Segment Start: DATA FOR THE TASK

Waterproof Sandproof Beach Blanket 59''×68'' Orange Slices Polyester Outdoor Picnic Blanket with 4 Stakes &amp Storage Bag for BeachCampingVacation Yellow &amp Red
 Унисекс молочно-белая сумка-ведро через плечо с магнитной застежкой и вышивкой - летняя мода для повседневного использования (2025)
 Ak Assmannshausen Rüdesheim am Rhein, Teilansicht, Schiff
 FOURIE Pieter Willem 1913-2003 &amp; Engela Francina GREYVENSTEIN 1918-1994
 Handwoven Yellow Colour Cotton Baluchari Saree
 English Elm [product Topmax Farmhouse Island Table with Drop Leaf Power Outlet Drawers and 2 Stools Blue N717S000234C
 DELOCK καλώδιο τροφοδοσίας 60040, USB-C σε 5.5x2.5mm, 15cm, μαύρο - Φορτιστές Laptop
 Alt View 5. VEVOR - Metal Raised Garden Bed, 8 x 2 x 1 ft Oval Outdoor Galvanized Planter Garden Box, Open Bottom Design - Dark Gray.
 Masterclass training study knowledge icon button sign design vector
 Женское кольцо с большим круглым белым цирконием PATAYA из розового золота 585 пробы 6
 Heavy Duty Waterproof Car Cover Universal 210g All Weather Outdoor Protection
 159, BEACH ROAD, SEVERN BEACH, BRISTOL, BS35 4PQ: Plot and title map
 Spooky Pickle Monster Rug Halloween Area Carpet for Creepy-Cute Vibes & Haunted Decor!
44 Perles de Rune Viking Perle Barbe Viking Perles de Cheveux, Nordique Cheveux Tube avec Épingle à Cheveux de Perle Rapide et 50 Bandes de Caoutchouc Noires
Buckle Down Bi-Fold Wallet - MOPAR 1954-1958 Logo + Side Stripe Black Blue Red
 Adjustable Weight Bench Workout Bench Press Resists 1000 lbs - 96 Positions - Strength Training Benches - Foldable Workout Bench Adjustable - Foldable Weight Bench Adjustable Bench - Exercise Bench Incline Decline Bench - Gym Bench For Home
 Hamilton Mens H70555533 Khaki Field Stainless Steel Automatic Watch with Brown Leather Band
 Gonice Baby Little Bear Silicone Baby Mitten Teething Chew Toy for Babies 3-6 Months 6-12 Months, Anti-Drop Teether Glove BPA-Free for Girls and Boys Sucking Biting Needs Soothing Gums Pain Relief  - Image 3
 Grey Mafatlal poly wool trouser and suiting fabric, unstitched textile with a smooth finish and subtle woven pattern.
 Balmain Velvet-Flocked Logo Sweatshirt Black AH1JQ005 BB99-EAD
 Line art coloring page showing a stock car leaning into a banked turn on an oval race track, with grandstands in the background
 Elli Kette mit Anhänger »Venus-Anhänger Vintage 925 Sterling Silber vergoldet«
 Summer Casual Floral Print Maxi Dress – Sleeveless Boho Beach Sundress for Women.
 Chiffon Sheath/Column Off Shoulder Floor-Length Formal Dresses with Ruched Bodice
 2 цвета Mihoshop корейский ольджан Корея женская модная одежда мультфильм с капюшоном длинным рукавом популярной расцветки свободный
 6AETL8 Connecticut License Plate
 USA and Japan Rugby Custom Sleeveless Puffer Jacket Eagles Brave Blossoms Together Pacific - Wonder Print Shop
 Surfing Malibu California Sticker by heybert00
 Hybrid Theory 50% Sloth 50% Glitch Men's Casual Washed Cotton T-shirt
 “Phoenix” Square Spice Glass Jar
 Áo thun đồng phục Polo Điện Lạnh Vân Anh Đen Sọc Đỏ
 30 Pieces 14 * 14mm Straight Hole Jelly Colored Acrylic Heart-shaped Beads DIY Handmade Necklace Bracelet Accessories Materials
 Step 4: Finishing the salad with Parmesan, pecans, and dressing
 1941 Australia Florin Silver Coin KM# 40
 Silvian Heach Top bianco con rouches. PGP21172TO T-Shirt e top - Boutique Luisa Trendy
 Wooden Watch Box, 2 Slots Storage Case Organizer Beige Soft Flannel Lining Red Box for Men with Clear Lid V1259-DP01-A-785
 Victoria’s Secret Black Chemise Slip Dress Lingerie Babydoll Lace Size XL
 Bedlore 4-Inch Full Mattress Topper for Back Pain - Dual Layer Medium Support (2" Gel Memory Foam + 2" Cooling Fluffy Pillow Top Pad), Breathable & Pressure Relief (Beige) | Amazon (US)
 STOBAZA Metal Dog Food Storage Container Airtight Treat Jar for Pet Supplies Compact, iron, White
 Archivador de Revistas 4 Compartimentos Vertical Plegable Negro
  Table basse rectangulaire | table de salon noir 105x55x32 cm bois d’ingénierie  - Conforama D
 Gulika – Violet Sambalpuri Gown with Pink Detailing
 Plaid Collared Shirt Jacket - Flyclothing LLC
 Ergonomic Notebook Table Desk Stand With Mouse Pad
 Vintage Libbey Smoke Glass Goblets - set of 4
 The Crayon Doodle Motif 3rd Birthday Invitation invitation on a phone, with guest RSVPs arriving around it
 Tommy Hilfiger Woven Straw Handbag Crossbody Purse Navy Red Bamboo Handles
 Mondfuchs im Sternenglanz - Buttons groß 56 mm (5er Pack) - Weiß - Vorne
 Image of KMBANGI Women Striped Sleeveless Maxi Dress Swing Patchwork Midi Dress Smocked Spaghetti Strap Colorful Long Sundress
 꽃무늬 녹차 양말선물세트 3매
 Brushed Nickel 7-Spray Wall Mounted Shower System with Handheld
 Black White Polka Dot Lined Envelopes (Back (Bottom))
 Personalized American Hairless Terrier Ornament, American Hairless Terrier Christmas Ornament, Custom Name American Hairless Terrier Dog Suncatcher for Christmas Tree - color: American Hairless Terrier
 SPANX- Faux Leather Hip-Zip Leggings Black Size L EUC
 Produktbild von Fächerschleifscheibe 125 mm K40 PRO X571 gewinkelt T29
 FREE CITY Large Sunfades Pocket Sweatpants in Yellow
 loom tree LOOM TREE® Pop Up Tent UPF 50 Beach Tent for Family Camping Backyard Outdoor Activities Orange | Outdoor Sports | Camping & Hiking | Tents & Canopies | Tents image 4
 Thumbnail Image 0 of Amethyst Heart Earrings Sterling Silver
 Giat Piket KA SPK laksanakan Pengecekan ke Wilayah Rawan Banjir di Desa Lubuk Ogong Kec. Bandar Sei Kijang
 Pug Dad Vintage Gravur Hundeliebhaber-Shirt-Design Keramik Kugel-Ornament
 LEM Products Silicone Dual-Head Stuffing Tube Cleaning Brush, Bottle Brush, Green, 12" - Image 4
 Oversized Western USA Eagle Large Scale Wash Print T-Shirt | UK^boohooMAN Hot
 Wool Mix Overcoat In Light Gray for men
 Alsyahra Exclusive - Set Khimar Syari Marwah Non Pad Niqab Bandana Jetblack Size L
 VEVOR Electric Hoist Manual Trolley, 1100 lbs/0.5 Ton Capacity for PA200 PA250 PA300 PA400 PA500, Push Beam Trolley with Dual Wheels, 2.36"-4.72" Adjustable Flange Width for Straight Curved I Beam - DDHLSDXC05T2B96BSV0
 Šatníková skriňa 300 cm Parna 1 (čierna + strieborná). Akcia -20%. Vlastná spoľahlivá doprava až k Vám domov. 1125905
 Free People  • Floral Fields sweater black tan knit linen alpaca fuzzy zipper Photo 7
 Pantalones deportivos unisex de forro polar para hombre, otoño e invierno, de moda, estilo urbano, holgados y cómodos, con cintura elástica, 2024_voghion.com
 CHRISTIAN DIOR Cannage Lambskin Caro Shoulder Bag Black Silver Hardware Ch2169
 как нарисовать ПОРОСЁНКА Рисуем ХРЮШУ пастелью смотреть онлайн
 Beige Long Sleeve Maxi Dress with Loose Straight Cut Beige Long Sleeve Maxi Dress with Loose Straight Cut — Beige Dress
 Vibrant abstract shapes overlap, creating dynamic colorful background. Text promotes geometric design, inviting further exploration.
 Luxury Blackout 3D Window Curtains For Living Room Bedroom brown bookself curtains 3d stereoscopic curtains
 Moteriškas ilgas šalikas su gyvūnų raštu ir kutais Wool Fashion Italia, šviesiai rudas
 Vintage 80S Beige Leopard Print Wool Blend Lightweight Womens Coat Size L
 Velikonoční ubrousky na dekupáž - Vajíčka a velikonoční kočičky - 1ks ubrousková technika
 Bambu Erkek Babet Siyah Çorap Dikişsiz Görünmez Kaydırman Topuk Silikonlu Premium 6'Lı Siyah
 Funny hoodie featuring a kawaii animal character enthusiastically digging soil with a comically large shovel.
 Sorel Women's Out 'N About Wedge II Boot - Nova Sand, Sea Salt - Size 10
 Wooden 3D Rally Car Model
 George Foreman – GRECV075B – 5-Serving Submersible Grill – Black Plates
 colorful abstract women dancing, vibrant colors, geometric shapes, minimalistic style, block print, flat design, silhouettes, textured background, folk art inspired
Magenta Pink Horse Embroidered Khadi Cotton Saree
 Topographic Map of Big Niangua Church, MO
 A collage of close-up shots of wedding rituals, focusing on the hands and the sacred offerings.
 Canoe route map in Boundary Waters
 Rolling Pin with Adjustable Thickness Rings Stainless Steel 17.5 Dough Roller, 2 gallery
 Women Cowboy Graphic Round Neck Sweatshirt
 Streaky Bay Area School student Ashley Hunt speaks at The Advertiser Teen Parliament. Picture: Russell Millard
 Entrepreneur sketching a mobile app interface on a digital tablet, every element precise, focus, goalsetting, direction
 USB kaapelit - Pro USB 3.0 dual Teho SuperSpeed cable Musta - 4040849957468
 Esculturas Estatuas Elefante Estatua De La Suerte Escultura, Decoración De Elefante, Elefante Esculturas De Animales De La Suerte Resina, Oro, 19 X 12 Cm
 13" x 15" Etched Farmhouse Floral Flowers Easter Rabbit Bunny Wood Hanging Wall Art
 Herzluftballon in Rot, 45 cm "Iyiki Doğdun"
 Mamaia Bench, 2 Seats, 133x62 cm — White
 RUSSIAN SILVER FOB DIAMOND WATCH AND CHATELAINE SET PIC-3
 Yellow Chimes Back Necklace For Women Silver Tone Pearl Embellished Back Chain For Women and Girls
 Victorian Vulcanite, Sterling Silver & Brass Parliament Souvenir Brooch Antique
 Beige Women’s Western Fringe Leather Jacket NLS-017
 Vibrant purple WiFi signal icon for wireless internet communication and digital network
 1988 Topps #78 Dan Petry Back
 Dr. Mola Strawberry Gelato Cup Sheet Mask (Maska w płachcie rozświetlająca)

Segment End: DATA FOR THE TASK

PROBLEM STATEMENT ▸
Starting with the line above that holds "꽃무늬 녹차 양말선물세트 3매" and stopping with the line that holds "VEVOR Electric Hoist", reproduce each line exactly, omitting all other lines.

OUTPUT FOR THIS EXERCISE ▸
 꽃무늬 녹차 양말선물세트 3매
 Brushed Nickel 7-Spray Wall Mounted Shower System with Handheld
 Black White Polka Dot Lined Envelopes (Back (Bottom))
 Personalized American Hairless Terrier Ornament, American Hairless Terrier Christmas Ornament, Custom Name American Hairless Terrier Dog Suncatcher for Christmas Tree - color: American Hairless Terrier
 SPANX- Faux Leather Hip-Zip Leggings Black Size L EUC
 Produktbild von Fächerschleifscheibe 125 mm K40 PRO X571 gewinkelt T29
 FREE CITY Large Sunfades Pocket Sweatpants in Yellow
 loom tree LOOM TREE® Pop Up Tent UPF 50 Beach Tent for Family Camping Backyard Outdoor Activities Orange | Outdoor Sports | Camping & Hiking | Tents & Canopies | Tents image 4
 Thumbnail Image 0 of Amethyst Heart Earrings Sterling Silver
 Giat Piket KA SPK laksanakan Pengecekan ke Wilayah Rawan Banjir di Desa Lubuk Ogong Kec. Bandar Sei Kijang
 Pug Dad Vintage Gravur Hundeliebhaber-Shirt-Design Keramik Kugel-Ornament
 LEM Products Silicone Dual-Head Stuffing Tube Cleaning Brush, Bottle Brush, Green, 12" - Image 4
 Oversized Western USA Eagle Large Scale Wash Print T-Shirt | UK^boohooMAN Hot
 Wool Mix Overcoat In Light Gray for men
 Alsyahra Exclusive - Set Khimar Syari Marwah Non Pad Niqab Bandana Jetblack Size L
 VEVOR Electric Hoist Manual Trolley, 1100 lbs/0.5 Ton Capacity for PA200 PA250 PA300 PA400 PA500, Push Beam Trolley with Dual Wheels, 2.36"-4.72" Adjustable Flange Width for Straight Curved I Beam - DDHLSDXC05T2B96BSV0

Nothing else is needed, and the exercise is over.